These sources can leave a chemical signature of their origins in the
particles that they emit.
One such signature is the abundance of various lead isotopes. The coal
and metal ores mined in China and eastern Asia have a significantly
higher proportion of  208Pb, which forms from radioactive decay of
thorium, than do coal and ores used in America .
China generates about 70% of its electricity with coal-fired power
plants, creating large amounts of particulate pollution. Dust storms
crossing China pick up these particles and carry them across the Pacific
to the U.S.
[Stephanie
Ewing](http://landresources.montana.edu/Department/Ewing.html), then a
postdoctoral scholar in isotope geochemistry at the [University of
California, Berkeley](http://berkeley.edu/), and her colleagues wondered
whether the ratios of lead isotopes in PM2.5 could quantify how much of
the local pollution originated from Asia.
From December 2007 through May 2008, the researchers collected
particulate pollution samples from two sites in the San Francisco Bay
Area: an urban location, Chabot Observatory, as well as a coastal
location, Mt. Tamalpais, where city pollution would be limited.
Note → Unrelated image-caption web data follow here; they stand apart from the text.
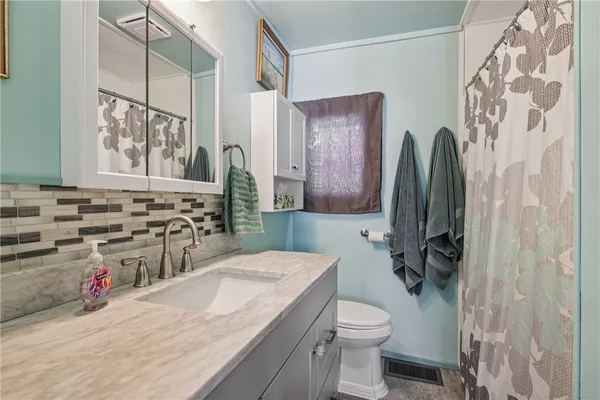 $399,900 | 825 West Avenue, Sweden, NY 14420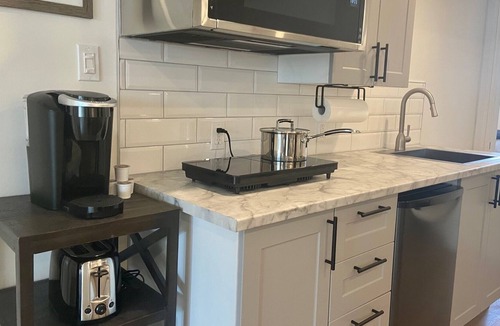 Collingwood House | Beautifully renovated Suite in Collingwood!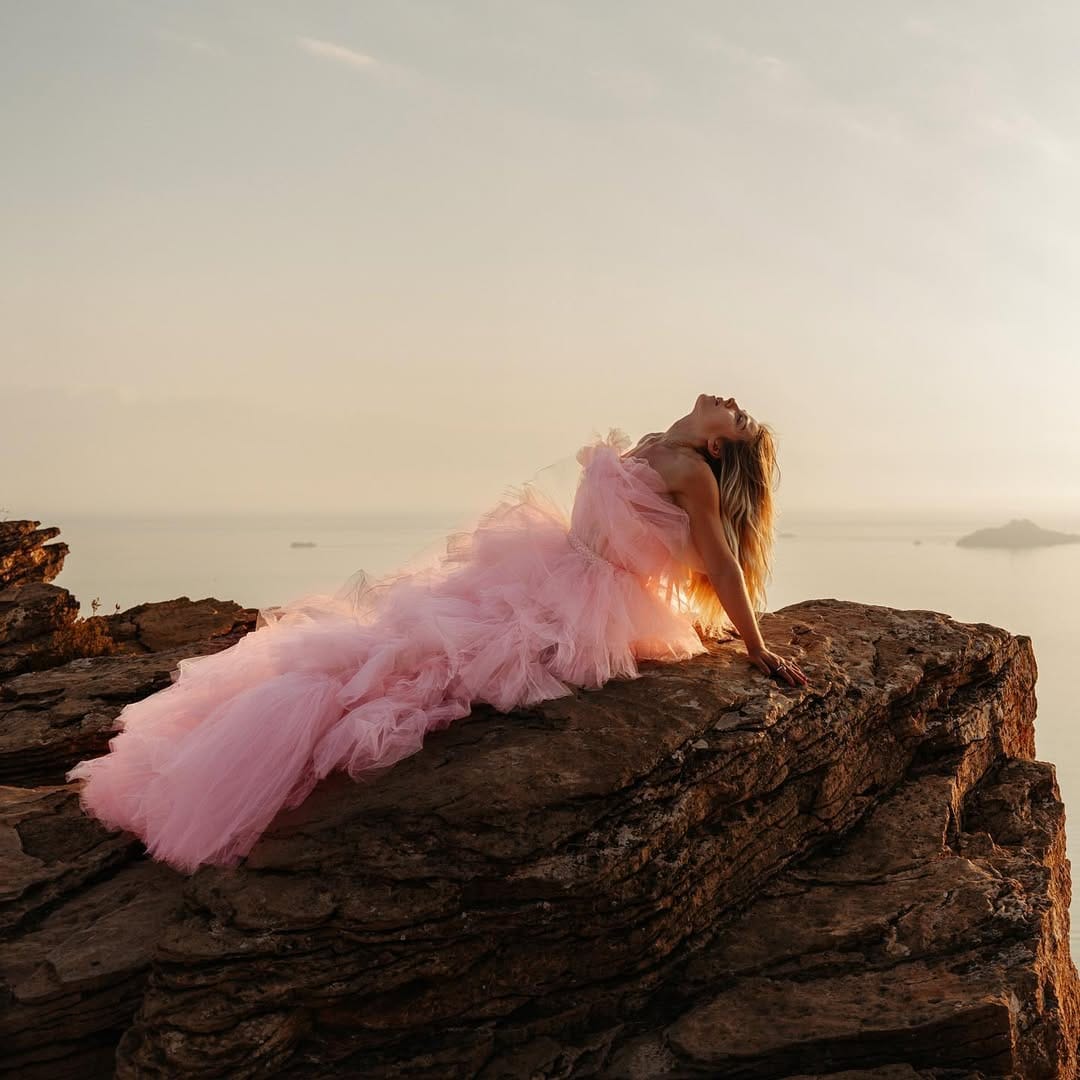 Post 10 by Cameron | Lifestyle Blonde Sportive & Solaire | Marseille/Cannes on Instagram (image)
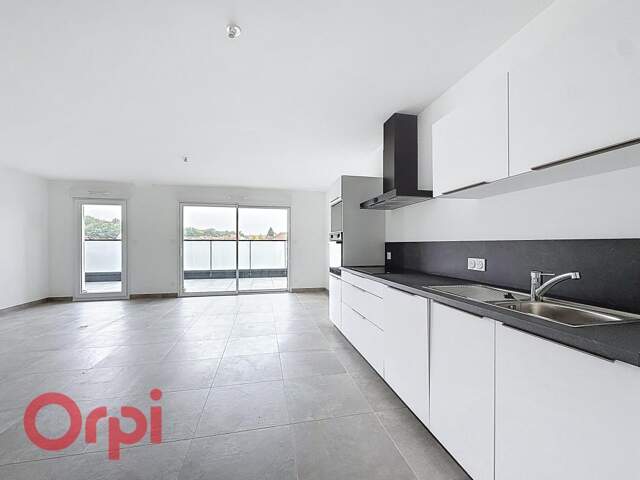 Appartement À Louer — photo du bien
They
filtered out the PM2.5 from the samples and measured its lead isotope
abundances with multiple-collector inductively coupled plasma mass
spectrometry (MC-ICPMS).
At both sites, levels of 208Pb jumped at the same time between March and
May. This isotope spike coincided with the spring, when Asian dust
storms are most intense, so the researchers concluded that 208Pb
isotopes are a marker for PM2.5 from eastern Asia. When they analyzed
data from the entire six-month survey, Ewing and her team found that the
median proportion of Asian lead in the PM2.5 was 29%.
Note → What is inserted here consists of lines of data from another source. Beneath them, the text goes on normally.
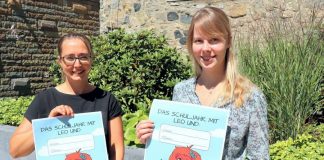 Lena Steinhäuser (links) und Elena Plank präsentieren das Titelbild des neuen „Leo-Heftes“. Foto: Stadt Ratingen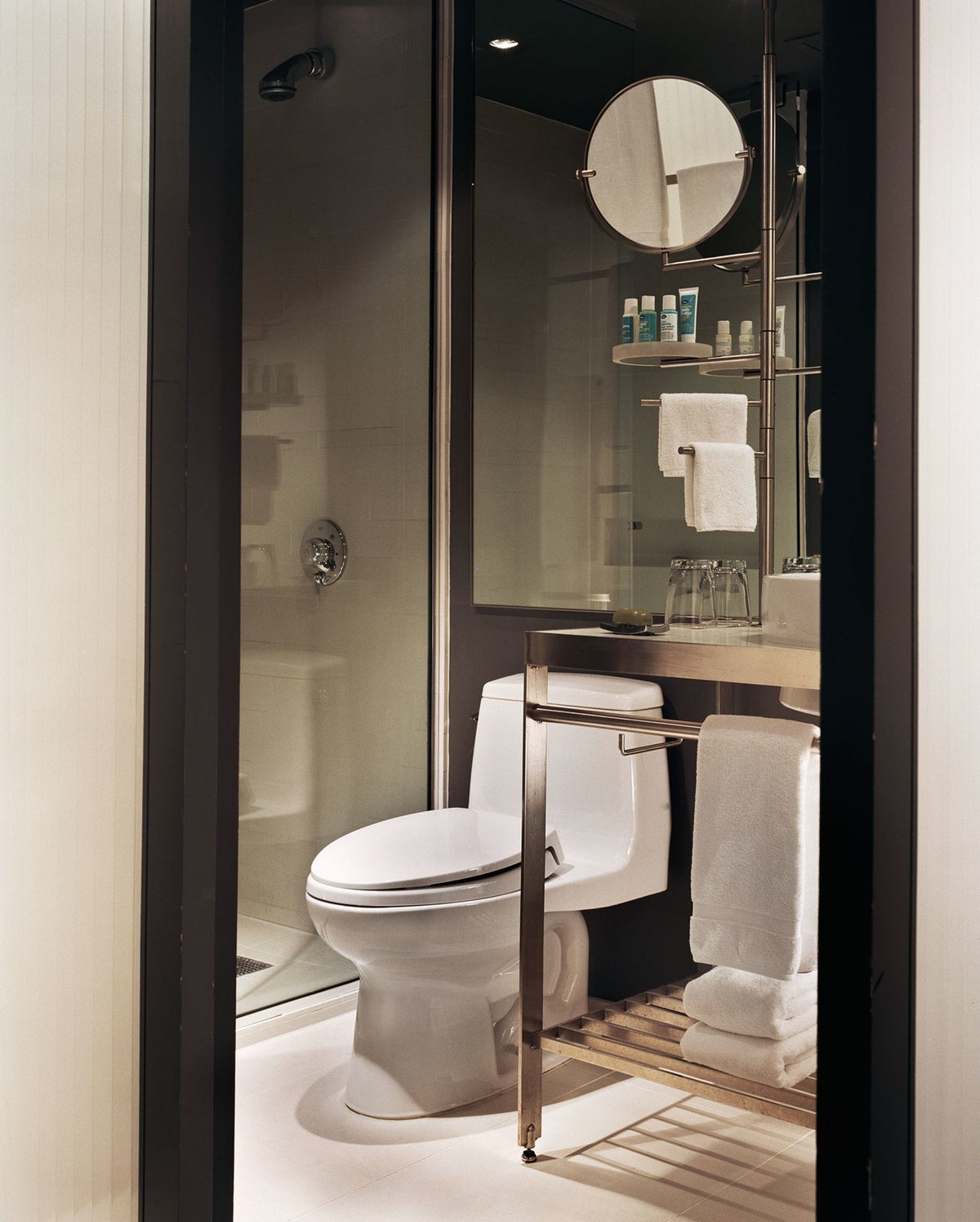 Ultimate® One-Piece Elongated 1.6 GPF Toilet, Cotton White - MS854114#01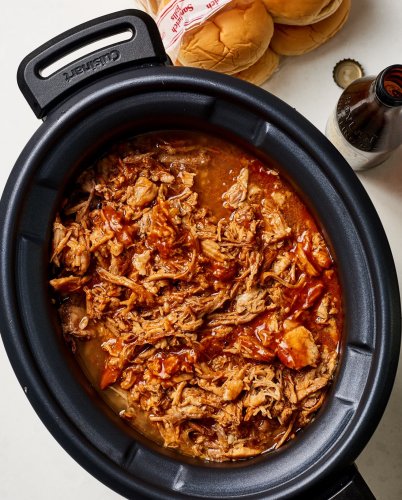 25+ Easy and Delicious Slow Cooker Potluck Recipes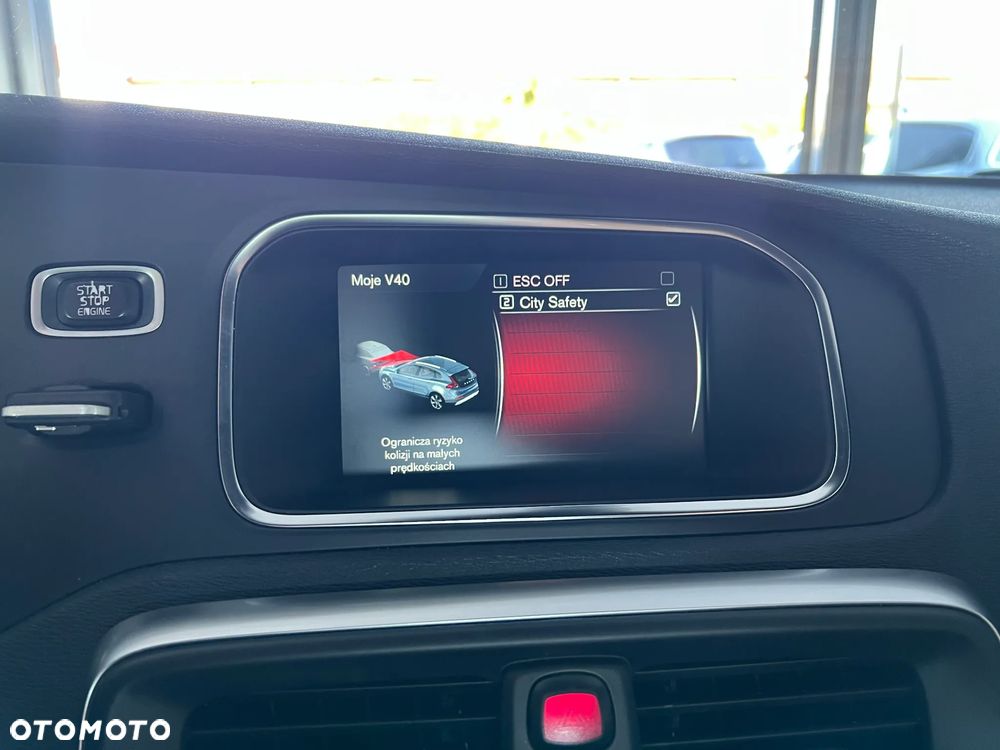 Volvo V40 Cross Country D3 Drive-E Summum - 29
Ewing, now an assistant professor of land resources and environmental
science at [Montana State University](http://www.montana.edu/), thinks
that the isotopic identification method also may help scientists
understand the movements of pollutants throughout the atmosphere.
[Julian Marshall](http://personal.ce.umn.edu/~marshall/), an assistant
professor of environmental engineering at the [University of
Minnesota](http://www1.umn.edu/twincities/index.php), Minneapolis, says
that Ewing and her team have presented an "interesting new method and
new results." He suggests that in addition to further dissecting the
origins of PM2.5, high-resolution isotopic identification also could
help test the accuracy of global atmospheric circulation models.